━━━━━ DATA FOR REVIEW

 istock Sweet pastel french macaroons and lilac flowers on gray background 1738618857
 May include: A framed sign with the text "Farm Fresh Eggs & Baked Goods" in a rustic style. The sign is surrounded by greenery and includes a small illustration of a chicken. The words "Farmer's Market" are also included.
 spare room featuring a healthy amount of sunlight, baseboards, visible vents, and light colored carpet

━━━━━━━━━━
━━━━━ DATA FOR REVIEW

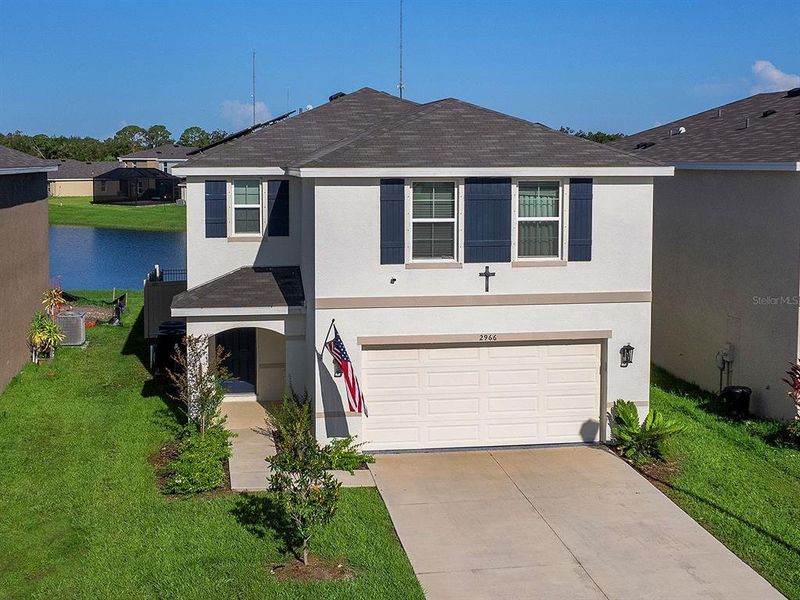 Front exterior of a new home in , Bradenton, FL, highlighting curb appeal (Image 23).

━━━━━━━━━━

> **PROMPT**
Will you return exactly the lines above from the one with "istock Sweet pastel" down to the one with "spare room featuring", counting both as part of the range?

> **SOLUTION FOR THIS EXERCISE**
 istock Sweet pastel french macaroons and lilac flowers on gray background 1738618857
 May include: A framed sign with the text "Farm Fresh Eggs & Baked Goods" in a rustic style. The sign is surrounded by greenery and includes a small illustration of a chicken. The words "Farmer's Market" are also included.
 spare room featuring a healthy amount of sunlight, baseboards, visible vents, and light colored carpet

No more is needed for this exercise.